_DATASET_

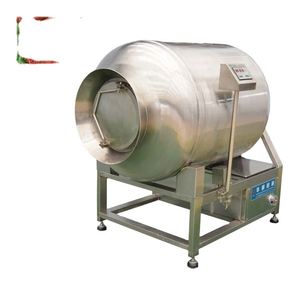 Nouvelle Machine à Mariner Sous Vide BBT à <span class=keywords><strong>Prix</strong></span> Réduit Grande Capacité pour Poitrine <span class=keywords><strong>de</strong></span> <span class=keywords><strong>Poulet</strong></span>, Steak, Viande, et Marinade <span class=keywords><strong>de</strong></span> Chou Picant - Product Image 1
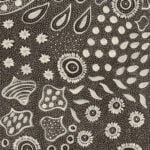 Naomi Pula Price Aboriginal Art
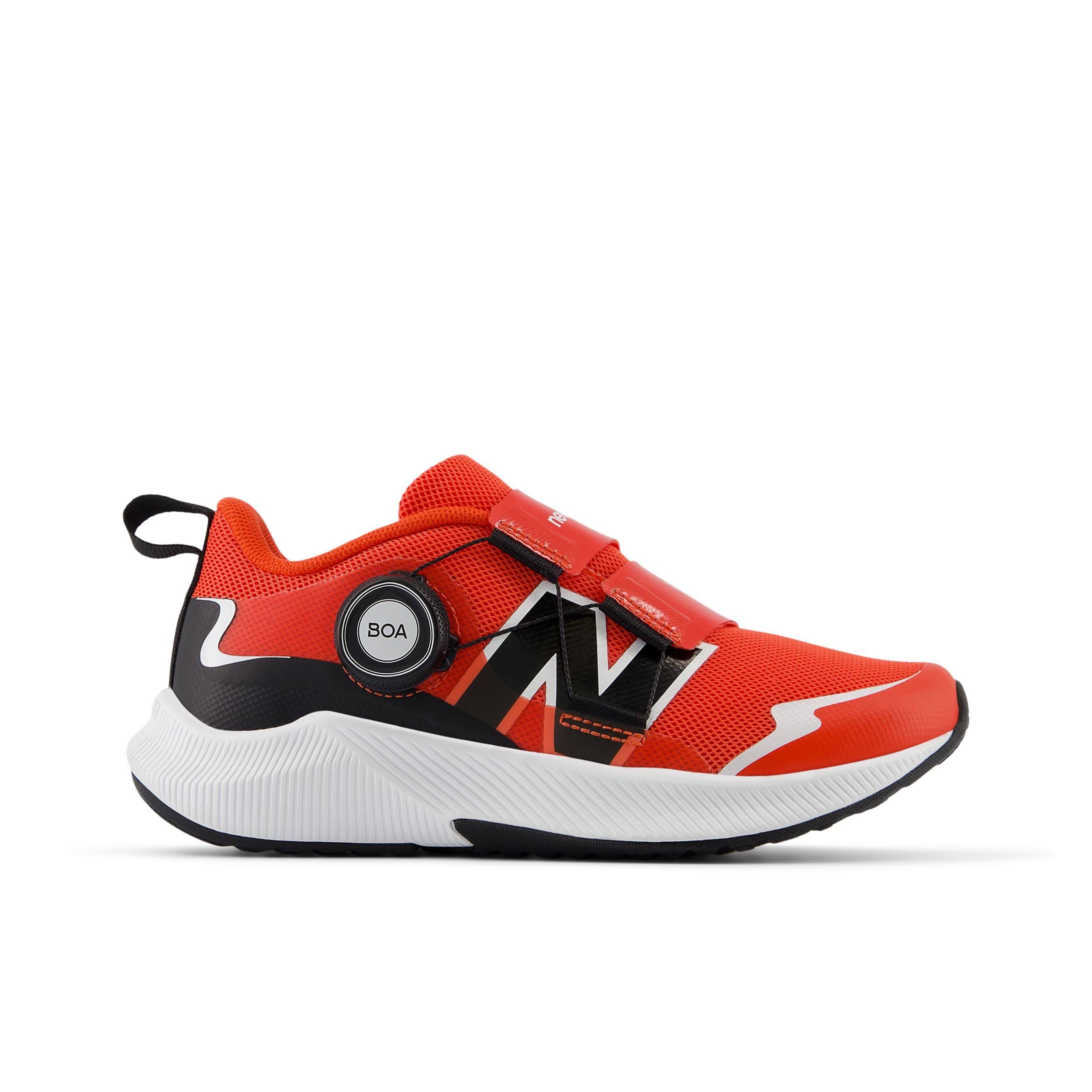 New Balance Kids' DynaSoft Reveal v4 BOA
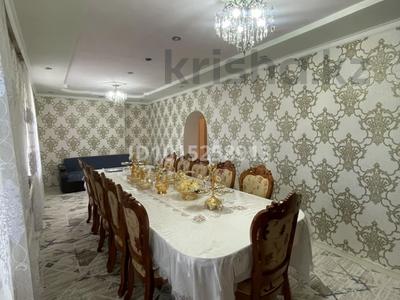 Отдельный дом · 5 комнат · 150 м² · 8 сот., Койгелды батыр 1 — Тауелсиздик за 15 млн ₸ в Бауыржан Момышулы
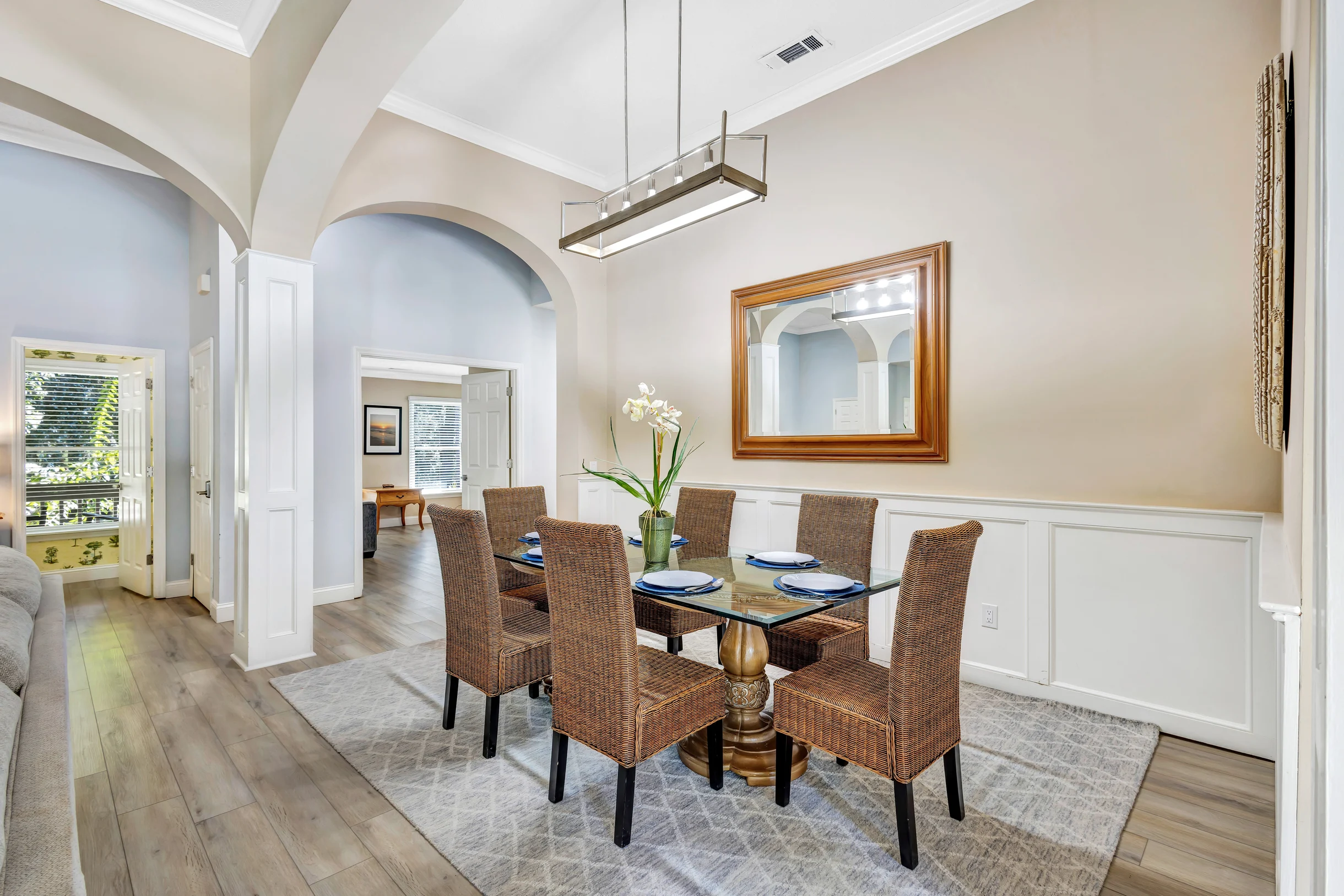 37 Sea Lane #19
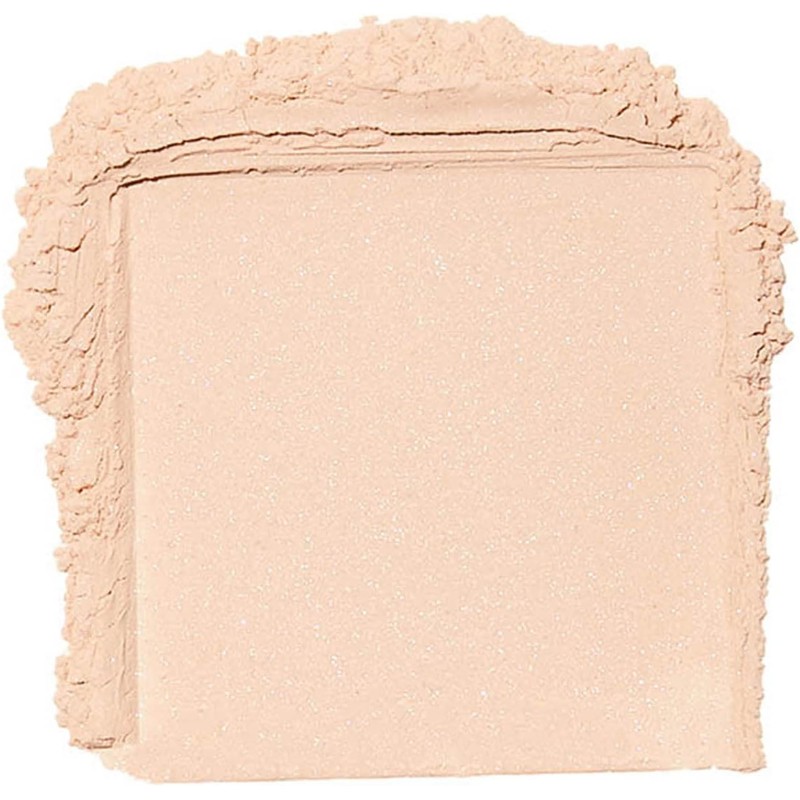 E.L.F. Cosmetics - Polvo De Alta Definición E.L.F. Studio, Soft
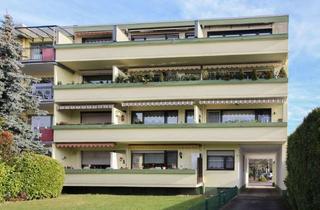 Wohnung kaufen in 40764 Langenfeld, Lichtdurchflutetes Apartment mit Balkon, Aufzug & optionaler Garage in Langenfeld (Rheinland)
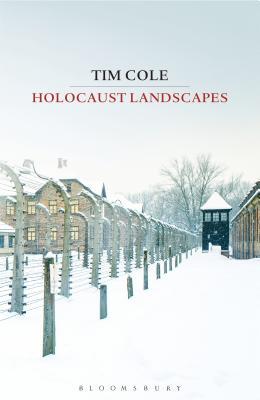 HOLOCAUST LANDSCAPES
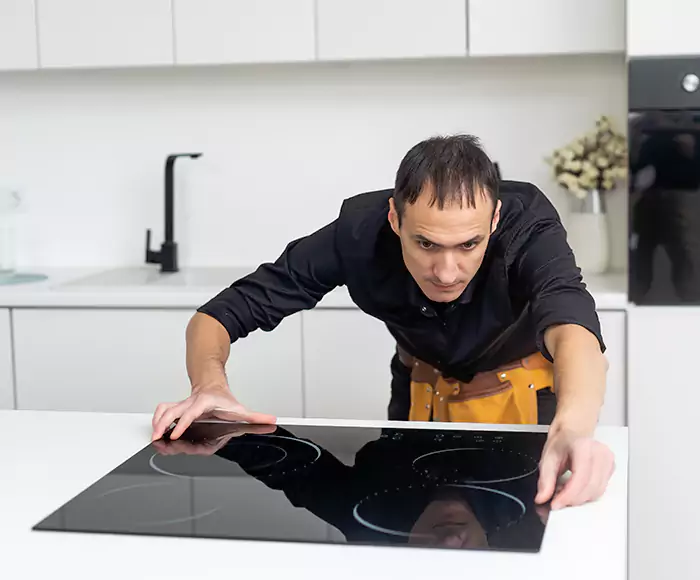 Trusted Kitchen Range and Cooktop installation: Your Expert Partner in Agawam, MA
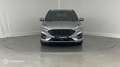 Ford Kuga 2.5 Duratec 190ch FHEV E85 ST-Line Business BVA - thumbnail 2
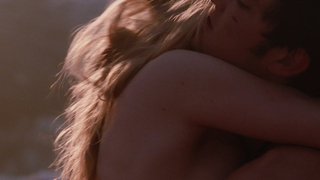 Amanda Seyfried desnuda, escena de sexo de Caperucita Roja (2011)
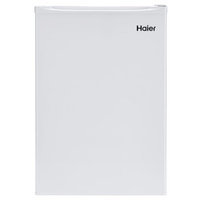 Haier HRC2731ACW 19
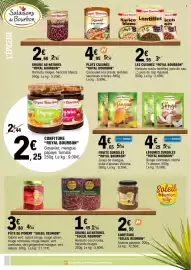 Catalogue E.Leclerc page 6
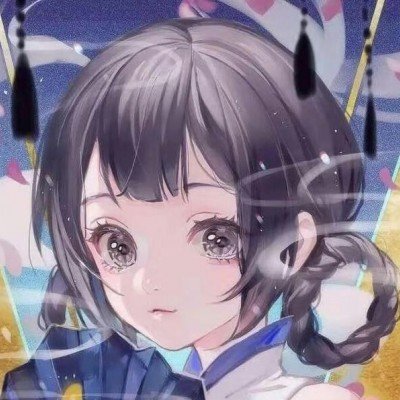“冬瓜西瓜哈密瓜别做被骗小傻瓜”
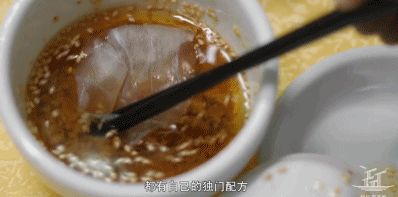 Netflix买下的首部中国美食纪录片：没吃过潮汕菜，人生不完整。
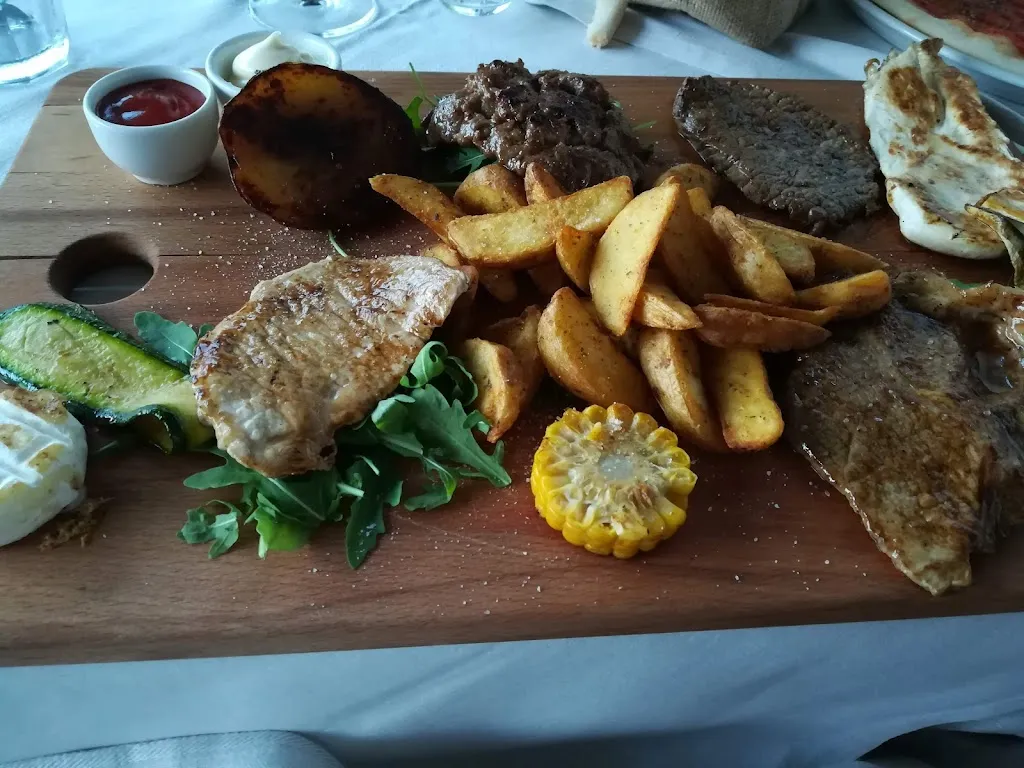 Menu_Al Kilometro Zero_Coniolo Bricco_image_7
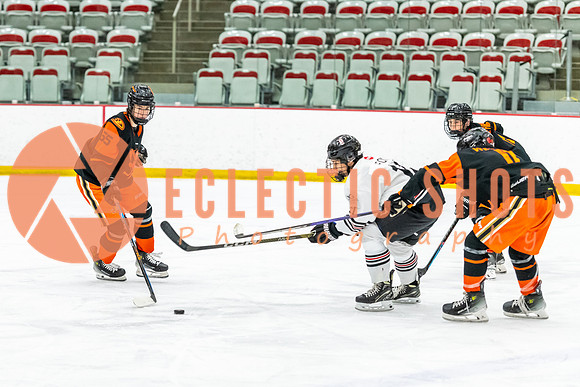 2023.11.12-Bronze-OHAEdm-Anaheim-6362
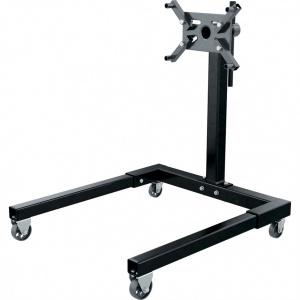 Стенд для двигателя 500 кг (1250 Lbs) MATRIX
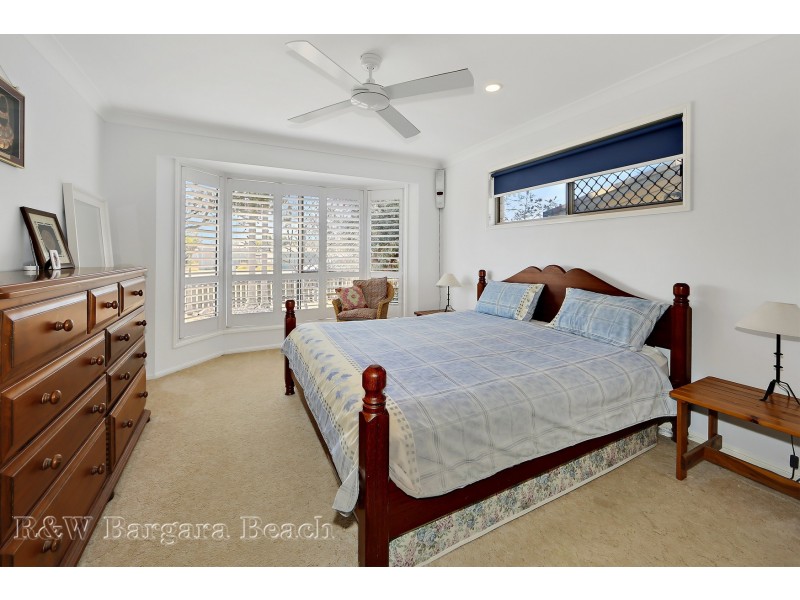 42 Bathurst Street, Elliott Heads QLD 4670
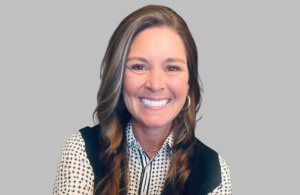 Stephanie Cox - Board Member Stephanie Cox – Board Member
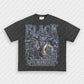 BLACK PANTHER V3 - VIP - GAME CHANGERS TEE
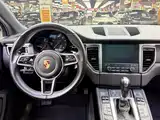 Фото 5 - Porsche Macan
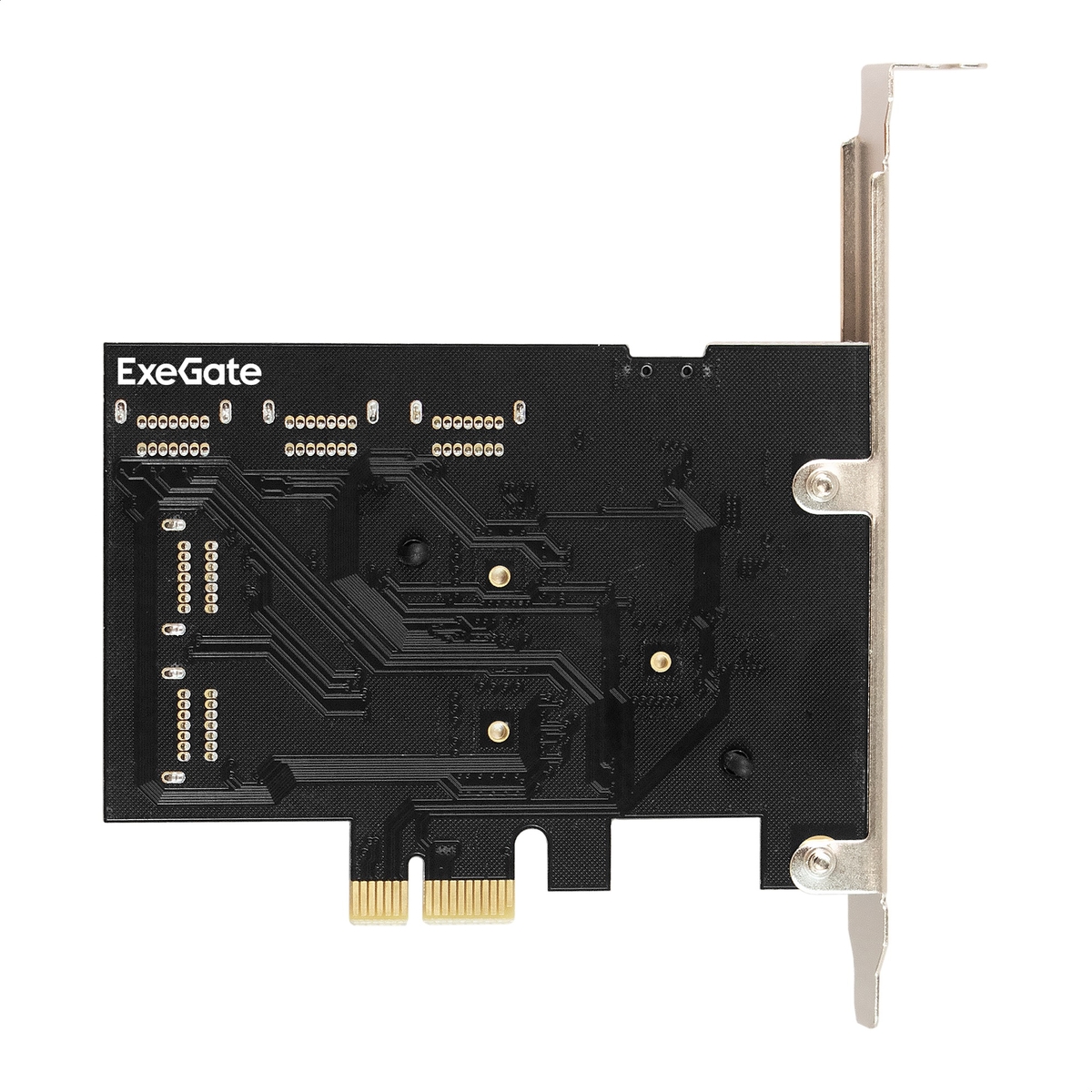 Controller ExeGate EXE-510v2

_WHAT YOU WILL DO_
Whenever you reach a picture, pass over it; print all the other material exactly.

_TASK RESULT_
 Nouvelle Machine à Mariner Sous Vide BBT à <span class=keywords><strong>Prix</strong></span> Réduit Grande Capacité pour Poitrine <span class=keywords><strong>de</strong></span> <span class=keywords><strong>Poulet</strong></span>, Steak, Viande, et Marinade <span class=keywords><strong>de</strong></span> Chou Picant - Product Image 1
 Naomi Pula Price Aboriginal Art
 New Balance Kids' DynaSoft Reveal v4 BOA
 Отдельный дом · 5 комнат · 150 м² · 8 сот., Койгелды батыр 1 — Тауелсиздик за 15 млн ₸ в Бауыржан Момышулы
 37 Sea Lane #19
 E.L.F. Cosmetics - Polvo De Alta Definición E.L.F. Studio, Soft
 Wohnung kaufen in 40764 Langenfeld, Lichtdurchflutetes Apartment mit Balkon, Aufzug & optionaler Garage in Langenfeld (Rheinland)
 HOLOCAUST LANDSCAPES
 Trusted Kitchen Range and Cooktop installation: Your Expert Partner in Agawam, MA
 Ford Kuga 2.5 Duratec 190ch FHEV E85 ST-Line Business BVA - thumbnail 2
 Amanda Seyfried desnuda, escena de sexo de Caperucita Roja (2011)
 Haier HRC2731ACW 19
 Catalogue E.Leclerc page 6
“冬瓜西瓜哈密瓜别做被骗小傻瓜”
 Netflix买下的首部中国美食纪录片：没吃过潮汕菜，人生不完整。
 Menu_Al Kilometro Zero_Coniolo Bricco_image_7
 2023.11.12-Bronze-OHAEdm-Anaheim-6362
 Стенд для двигателя 500 кг (1250 Lbs) MATRIX
 42 Bathurst Street, Elliott Heads QLD 4670
 Stephanie Cox - Board Member Stephanie Cox – Board Member
 BLACK PANTHER V3 - VIP - GAME CHANGERS TEE
 Фото 5 - Porsche Macan
 Controller ExeGate EXE-510v2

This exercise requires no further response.